# James Krenov router shaper..what brand is this?



## maurosnickare (Nov 18, 2011)

HI Guys,
i was reading the James Krenov´s book the art of cabinetmaking,and he shows in the book the router/shaper that he uses,and says that is an italian model that can spin up to 12.000rpm,now i´m italian and i never seen that small shaper before,anyone recognize the brand?i post some pics of the pages..


----------



## rwbaker (Feb 25, 2010)

This caption says it is an itallion model, the motor looks like a off-shelf-1 to2 hp of the 20~30s era. Google Popular Mechaincs (they have 99% of them) and you can see similar designs.

Baker


----------



## maurosnickare (Nov 18, 2011)

i see an "S" on the motor,i think that i have seen that mark before but i can´t connect with the brand..


----------



## rwbaker (Feb 25, 2010)

If there is an "S" - eyes not as good as yours - look up the eary corporate symbols for Seimans.


----------



## woodie26 (May 31, 2009)

I think that's a Inca. Don't think they are made any more.
Larry


----------



## maurosnickare (Nov 18, 2011)

Hi Larry,
inca is a swiss brand,on the book they say it is a italian made shaper..i have seen many inca machinery here in europe and none look like that one..


----------



## mrlprl (Dec 1, 2013)

*Italian Router*

Yep, it's Italian, not available currently in the US. Nicely made, heavy spindle. A fellow named Bob Sperber had a number of them imported to the US with a remachined head and a collet chuck.

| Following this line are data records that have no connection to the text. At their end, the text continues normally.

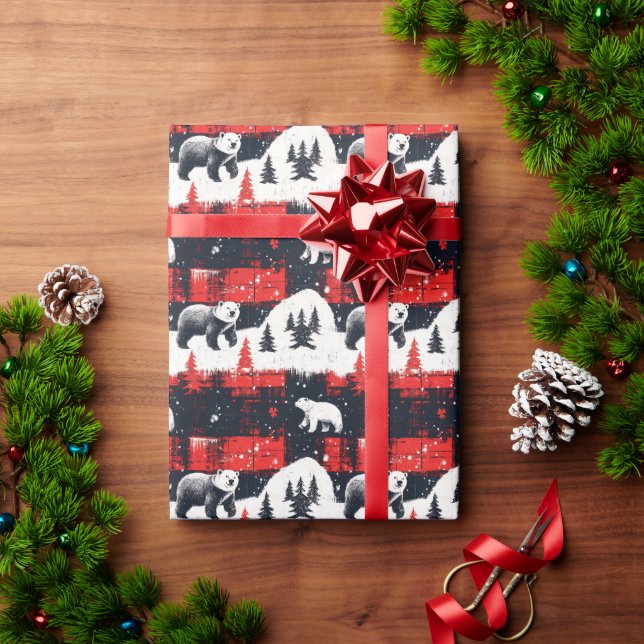 Papier Cadeau Bison rouge Plaids Ours polaire (Cadeau de vacances)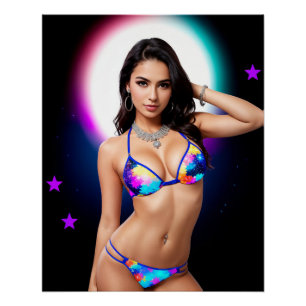 Holographic Swimsuit Model Poster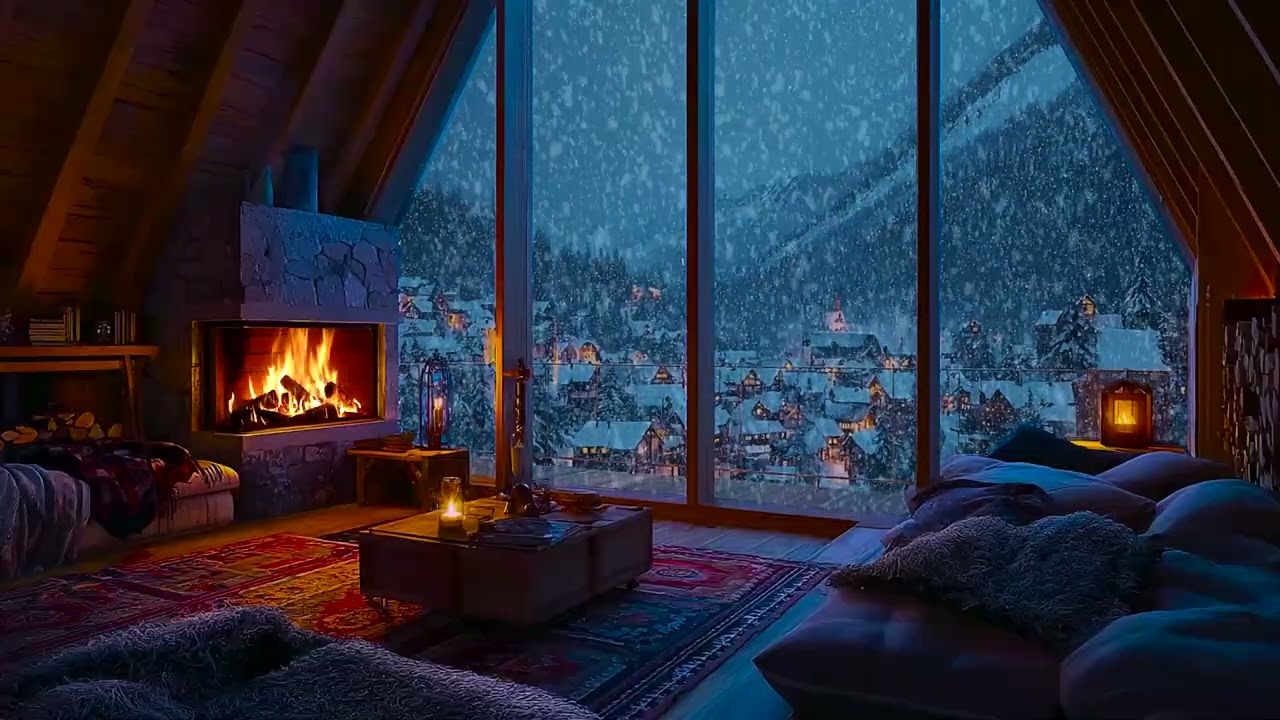 Winter Blizzard at a Wooden Cabin with Soft Fire Sounds for Relaxing Sleep and Study Time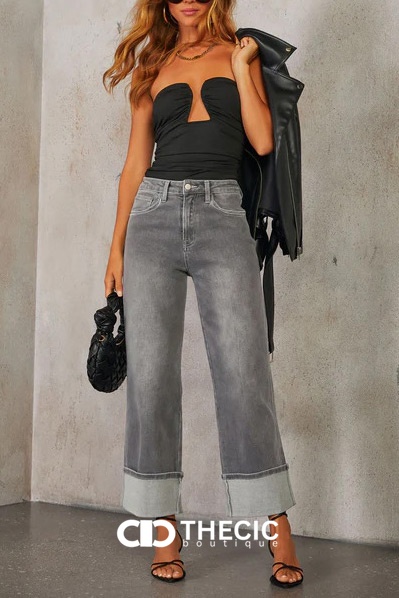 Washed Gray Cuffed Hem Wide Leg Jeans
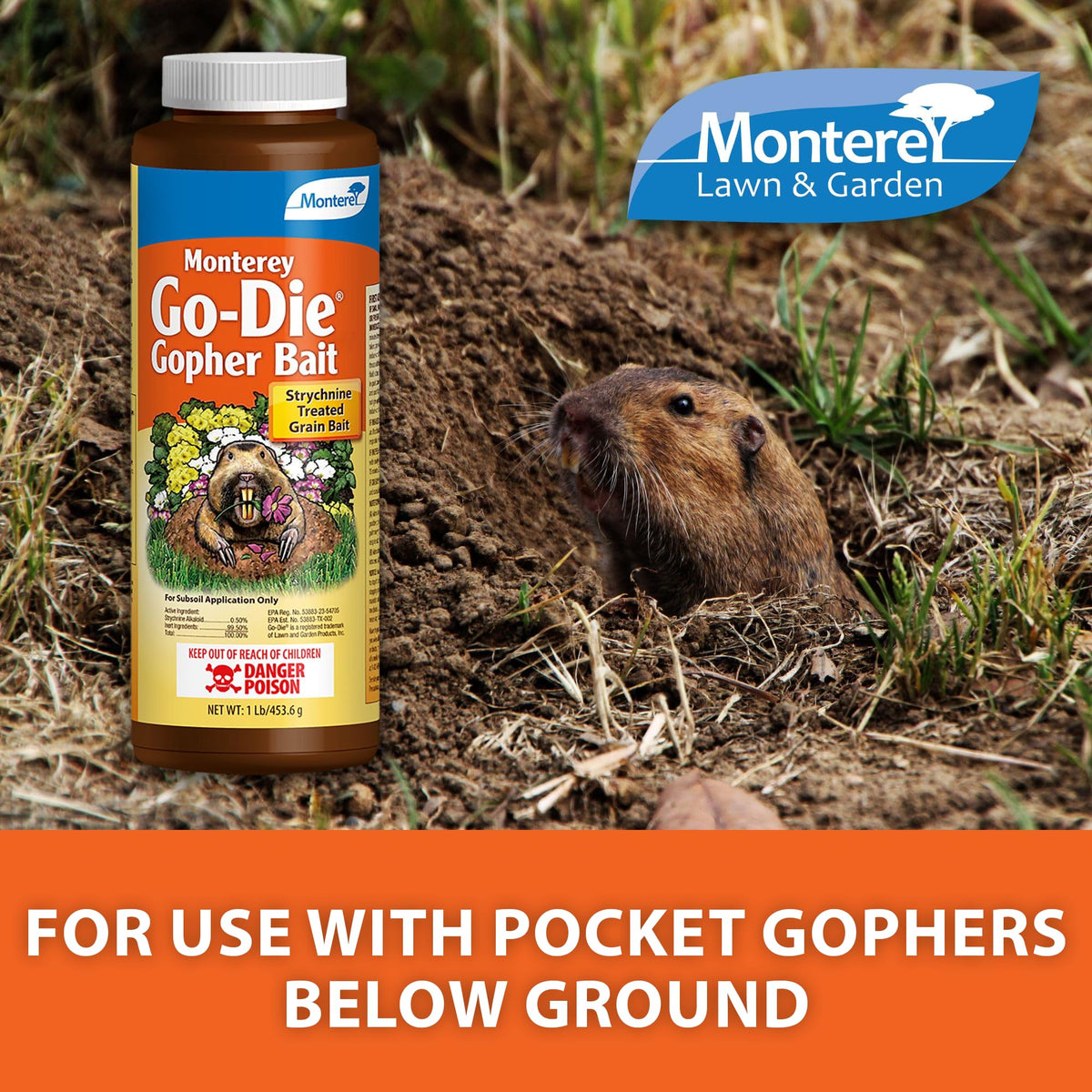 Go-DIE Gopher Bait at burrow entry for targeted underground application.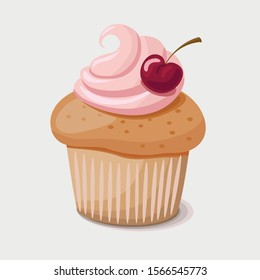 Vanilla cupcake with cherry and whipped pink cream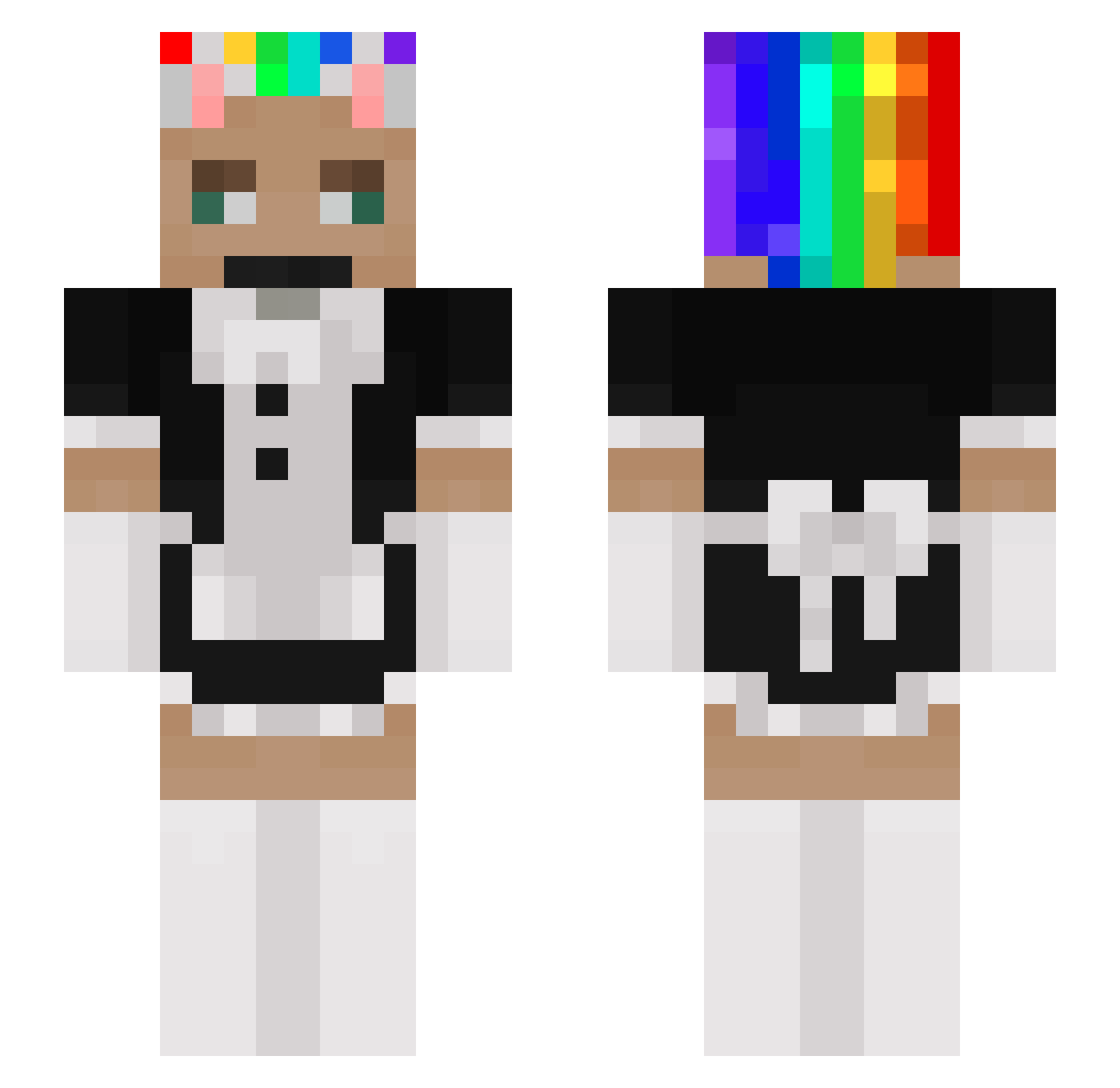 SimpPositive Minecraft skin, front and back view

I bought one twenty+ years ago and like it for the reasons Krenov did, BUT, and this is a big but, the bearings are NOT sealed, and have to be repacked on a regular basis. I've been unable to contact Sperber, but I think he lives somewhere in Vermont.

That's all I know

Tony


----------



## jw2170 (Jan 24, 2008)

Welcome to the forum, Tony.

Thanks for that additional information.


----------